11:30h. Deu minha hora de almoço. Desço. O desconforto do elevador continua me sendo presente – preferia descer sozinho ou, no máximo, com pessoas com bastante afinidade. Guardo o crachá. Sigo em frente. O cotidiano da rua continua sem muitas alterações, mas noto a pressa acentuada das pessoas, o trânsito intenso e o calor de um sol de 38 graus centígrados, amenizado, na sombra, pela brisa marítima alencarina. Retorno aproveitando as sombras dos prédios e das coberturas improvisadas dos pontos comerciais. A sombra dos oitizeiros refresca meu corpo. O carrinho de tapioca já não se encontra na esquina. Com o porta-malas aberto, um carro apresenta suas variedades alimentares para um almoço rápido e barato, mas sem que se possa comprovar sua qualidade e higiene – é um modus operandi de sobrevivência, fruto da falta de emprego formal. Os flanelinhas continuam alugando as vagas públicas. Na escola infantil os pais esperam a saída dos filhos, estes, pelo lado de dentro da escola, esbanjam energia aos pulos, gritos e brincadeiras. Aperto a sirene, entro.
13:15h. Apesar da preguiça latente, dirijo-me ao segundo tempo do trabalho, sob um sol escaldante. Minha preocupação passa pela minha própria vizinhança, por isso sigo observando os transeuntes das proximidades – nada se apresenta a merecer desconfiança. A escola infantil permanece com sua atividade normal: crianças chegando, brincando, correndo, gritando. O sol é abrasador e o vento, na sombra, é fresco e ameniza. Os flanelinhas agem, se apresentam e esperam um trocado, ainda que não solicitado seus préstimos. O pé de caju me enche os olhos e dá, sob suas folhas, guarida aos transeuntes que retornam ao trabalho. A avenida continua com tráfego intenso, o que requer mais atenção na sua travessia. Atravesso e me vejo caminhando, por pouco mais de cem metros, sob a dádiva das sombras dos oitizeiros. Espero o sinal fechar, mas, algumas vezes, não tenho paciência para tanto, e, correndo, cruzo uma rua, tento desviar do sol apressando o passo e procurando a sombra dos prédios, mais uma vez. Entro por outra rua e avisto o prédio do local de trabalho. Apresso as passadas para atravessar uma rua movimentada, mas os meus olhos estão nos carros vindo em minha direção. Chego do outro lado, são e salvo. O flenelinha “dono” do quarteirão encontra-se abrigado na sombra, à espera de seus “clientes” forçados.
Adorno meu pescoço com o crachá, entro, dirijo-me ao elevador e subo pelo elevador com o mesmo sentimento inconfortável.
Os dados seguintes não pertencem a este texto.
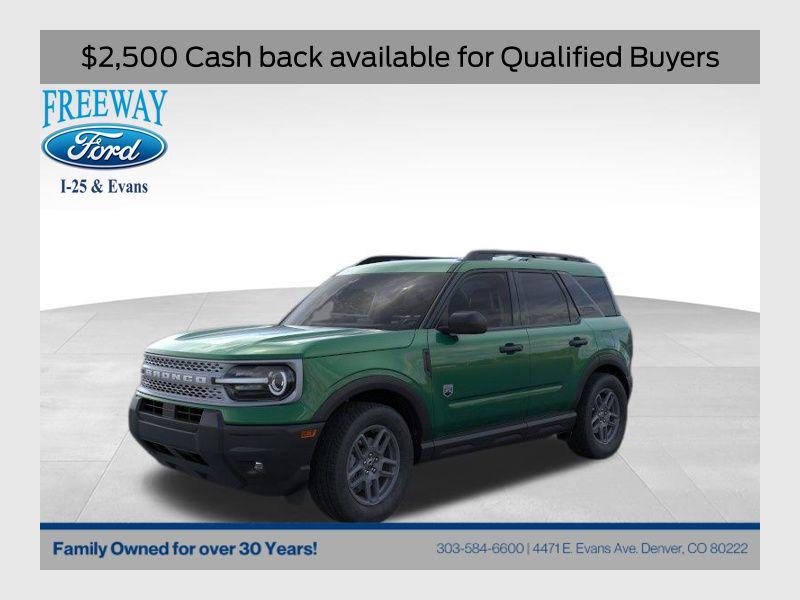 New 2025 Ford Bronco Sport Big Bend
Aproximo-me da porta da sala de meu trabalho; está trancada, embora com um servidor assistindo televisão pelo lado de dentro; uso minha chave, abro e dou um alô ao servidor. Sento à minha mesa, acesso à internet e vejo as últimas notícias do Brasil e do mundo. Trabalho. Meus colegas chegam, conversam e trabalham também.
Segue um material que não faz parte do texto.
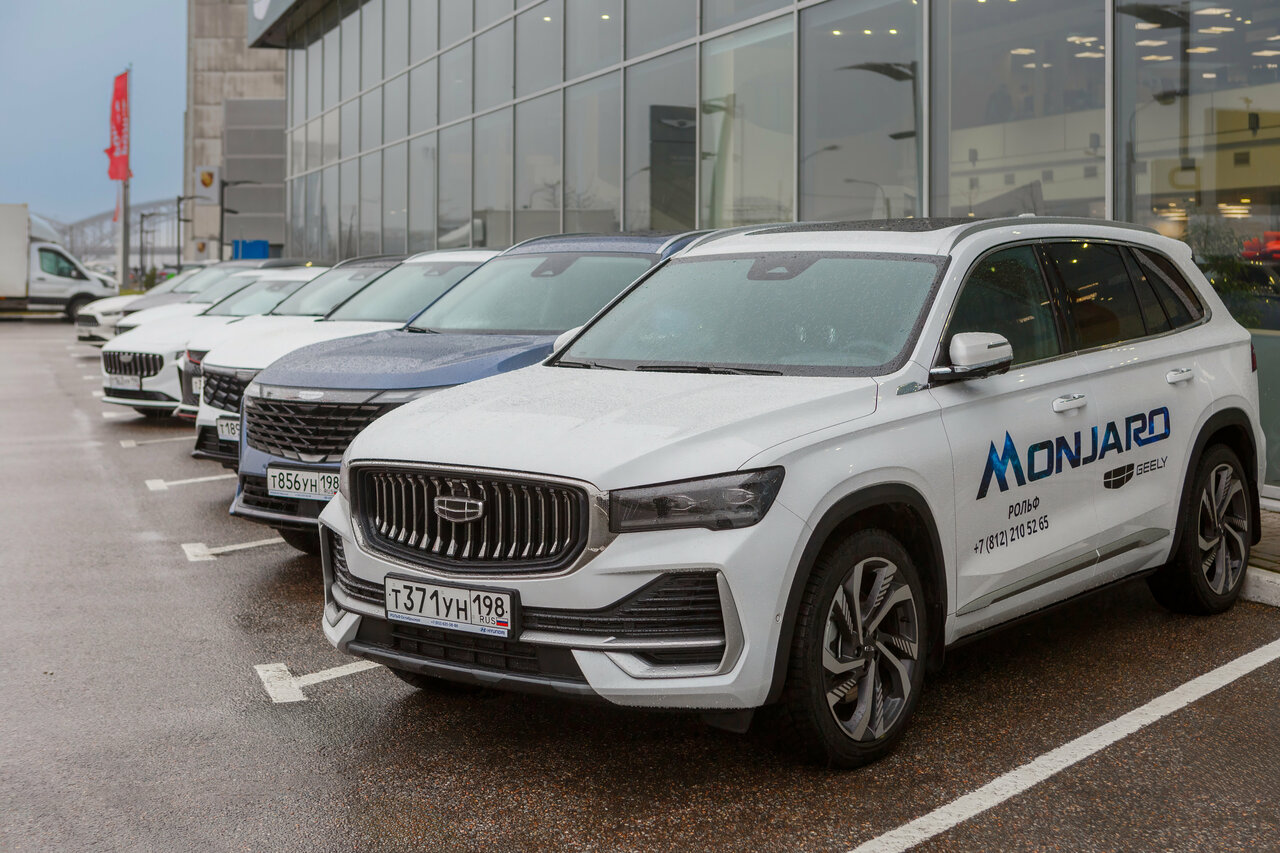 photo Geely Рольф Октябрьская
17:30h. Enfim, o dia passou. Desligo tudo e sigo o caminho da saída, do elevador, da rua. Já não existe mais o flanelinha agitado, buscando seus “clientes”. Na rua a brisa é fresca, a caminhada, sob esse ponto de vista, é prazerosa, mas continuo, na proximidade da escuridão, a ligar minhas antenas quanto aos transeuntes suspeitos. Percorro a avenida movimentada com a acuidade de sempre. As pessoas parecem cansadas, e os motoristas, por qualquer segundo parado em face do carro da frente, acham que a buzina resolve tudo. O local do carrinho da tapioca deu lugar ao carrinho do “churrasquinho de gato” – nova freguesia circunda o vendedor. Ao passar pela escola infantil imagino que as crianças de hoje, como as de outrora, são o futuro de qualquer país; aproveito para abrir um sorriso para algumas delas, que, ainda com energia, esperam seus pais. Atravesso a última rua, aperto a sirene do prédio, entro e fecho a portão. C’est un jour dans ma vie.